The capabilities are: create, read, update, delete, list, sudo, deny. Deny always wins.

# Apply the policy
vault policy write myapp-secrets myapp-policy.hcl

# Test what a token can actually do
vault token capabilities hvs.CAESIJ... secret/data/myapp/database
# read

vault token capabilities hvs.CAESIJ... secret/data/billing/stripe-key
# deny

Gotcha: The root policy bypasses everything and never expires. After initial setup, revoke the root token immediately: vault token revoke <root-token>. If you need root access later, regenerate a temporary one with vault operator generate-root using the unseal keys, use it, then revoke it again. Services should never authenticate with root.

Flashcard Check #2¶

Question	Answer (cover this column)
What are the four Vault pillars?	Secret engine, auth method, policy, lease
What's the difference between static and dynamic secrets?	Static are stored and retrieved; dynamic are generated on demand with a TTL and auto-revoked
Why does KV v2 cause "permission denied" surprises?	Policies need `secret/data/...` path, but CLI uses `secret/...` — the `/data/` is hidden
What does AppRole's `secret_id` do vs `role_id`?	`role_id` = identity (long-lived), `secret_id` = credential (short-lived, runtime-injected)
What's the default policy behavior?	Deny everything — you must explicitly grant access
Why is root token dangerous in production?	Bypasses all policies, never expires, full access to everything

Part 7: Dynamic Database Secrets — The Full Walkthrough¶

Back to our mission. We rotated the leaked password manually. Now we're going to make passwords unnecessary. Here's the complete setup, step by step.

Step 1: Vault needs a privileged database account¶

Vault itself needs credentials that can create and destroy database users. This is the only long-lived credential — and it stays inside Vault, never in Git.

# Create a Vault-managed admin user in PostgreSQL
psql -h db.example.com -U postgres -c \
  "CREATE ROLE vault_admin WITH LOGIN PASSWORD 'vault-managed-2026' CREATEROLE;
   GRANT ALL ON SCHEMA public TO vault_admin;"
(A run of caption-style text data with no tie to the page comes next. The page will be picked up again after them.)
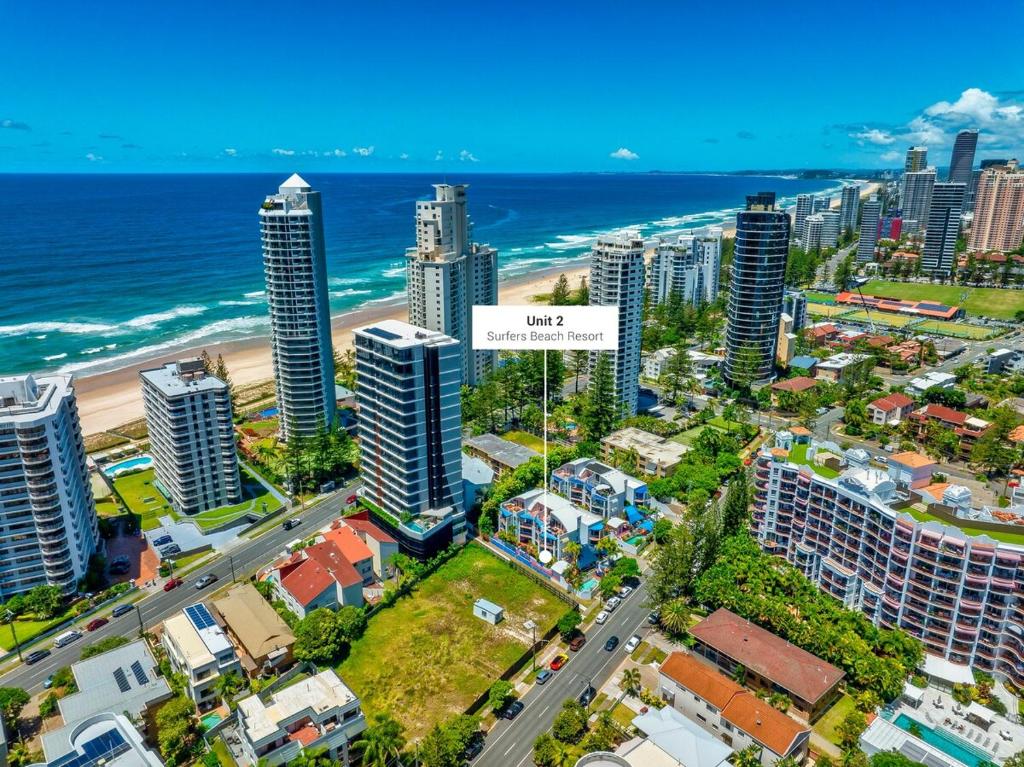 Coastline Escape Renovated Unit - Great Location - Quiet Area - Parking Included, Gold Coast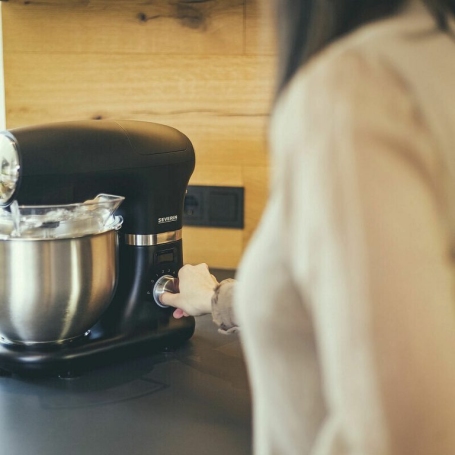 SEVERIN KM 3897 IMPASTATRICE CAPACITA' 5,5LT 1000W COLORE NERO - KM3897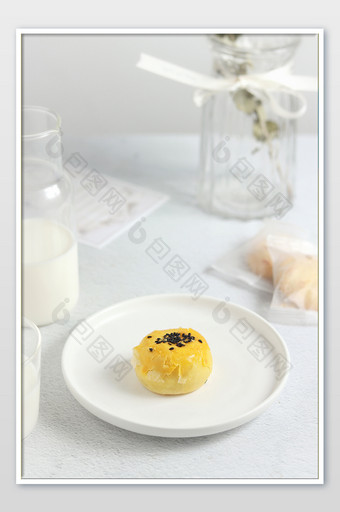 烘焙蛋黄酥牛奶健康早餐下午茶场景广告图片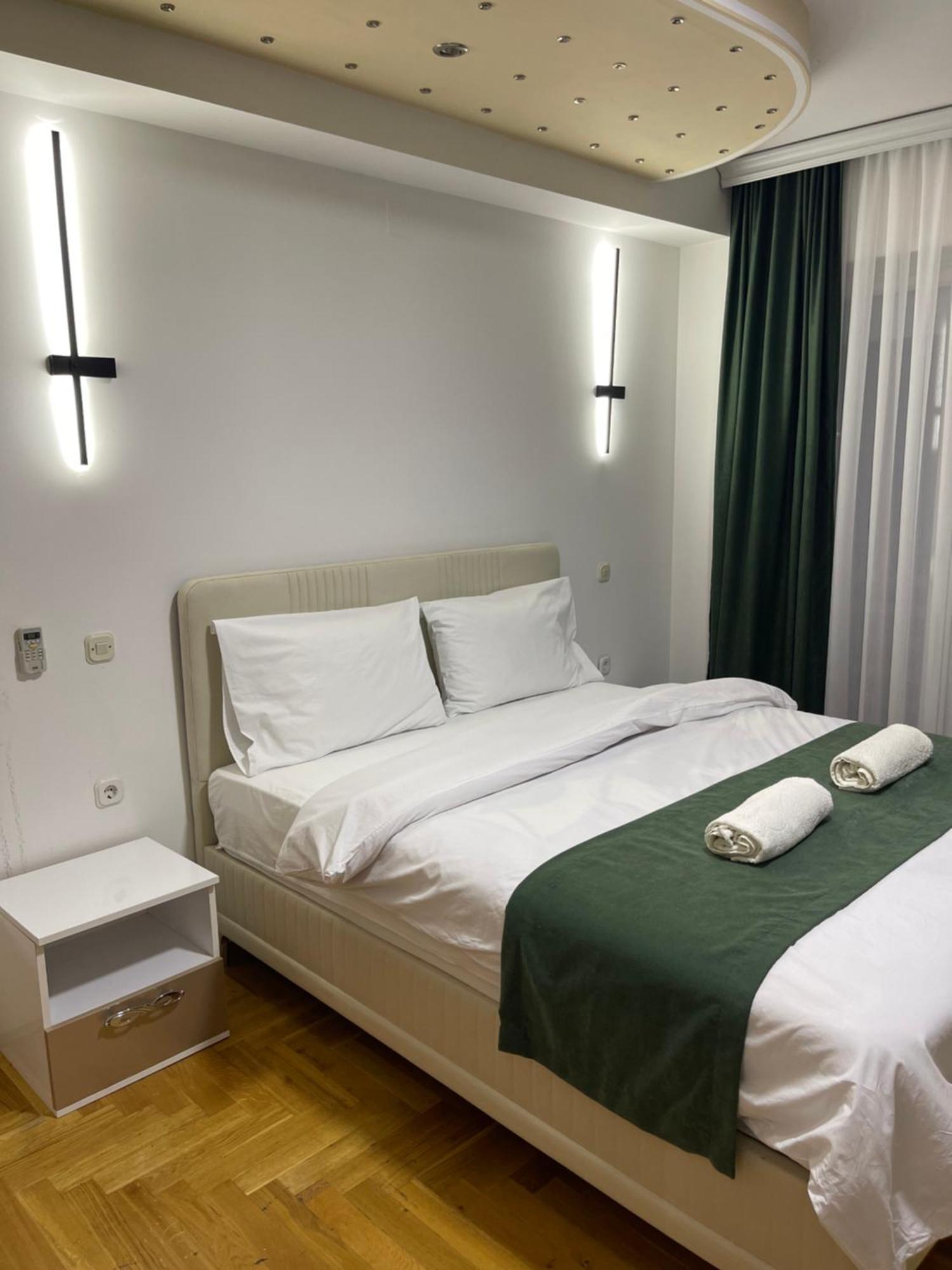 Front Beach Exclusive Apartments Струга Экстерьер фото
Step 2: Configure the database engine¶

vault secrets enable database

vault write database/config/production-db \
  plugin_name=postgresql-database-plugin \
  connection_url="postgresql://{{username}}:{{password}}@db.example.com:5432/myapp" \
  allowed_roles="app-readonly,app-readwrite" \
  username="vault_admin" \
  password="vault-managed-2026"

# Rotate the root password so even you don't know it anymore
vault write -f database/rotate-root/production-db
# Now Vault has changed vault_admin's password to something only Vault knows

That last command is important. After rotate-root, the password you typed on the command line is no longer valid. Vault generated a new one and stored it internally. No human knows the database admin password.

Step 3: Create roles¶

# Read-only role: SELECT only, 1-hour TTL
vault write database/roles/app-readonly \
  db_name=production-db \
  creation_statements="CREATE ROLE \"{{name}}\" WITH LOGIN PASSWORD '{{password}}' \
    VALID UNTIL '{{expiration}}'; \
    GRANT SELECT ON ALL TABLES IN SCHEMA public TO \"{{name}}\";" \
  revocation_statements="DROP ROLE IF EXISTS \"{{name}}\";" \
  default_ttl="1h" \
  max_ttl="24h"

# Read-write role: full DML, 30-minute TTL (shorter = less risk)
vault write database/roles/app-readwrite \
  db_name=production-db \
  creation_statements="CREATE ROLE \"{{name}}\" WITH LOGIN PASSWORD '{{password}}' \
    VALID UNTIL '{{expiration}}'; \
    GRANT SELECT, INSERT, UPDATE, DELETE ON ALL TABLES IN SCHEMA public TO \"{{name}}\";" \
  revocation_statements="DROP ROLE IF EXISTS \"{{name}}\";" \
  default_ttl="30m" \
  max_ttl="4h"

Step 4: Use it¶

# Application requests credentials
vault read database/creds/app-readonly
# Key                Value
# ---                -----
# lease_id           database/creds/app-readonly/7yKz...
# lease_duration     1h
# username           v-approle-app-read-Xk9mN2
# password           B4f-7Gh-1Jk-3Lm

# That credential works immediately
psql -h db.example.com -U v-approle-app-read-Xk9mN2 -d myapp -c "SELECT count(*) FROM users;"
#  count
# -------
#  42857

# After 1 hour: Vault drops the role. The credential is dead.

Step 5: Lease management¶

# Renew a lease before it expires (extend the TTL)
vault lease renew database/creds/app-readonly/7yKz...
# lease_duration: 1h (reset from now)

# Renew with a specific increment
vault lease renew -increment=30m database/creds/app-readonly/7yKz...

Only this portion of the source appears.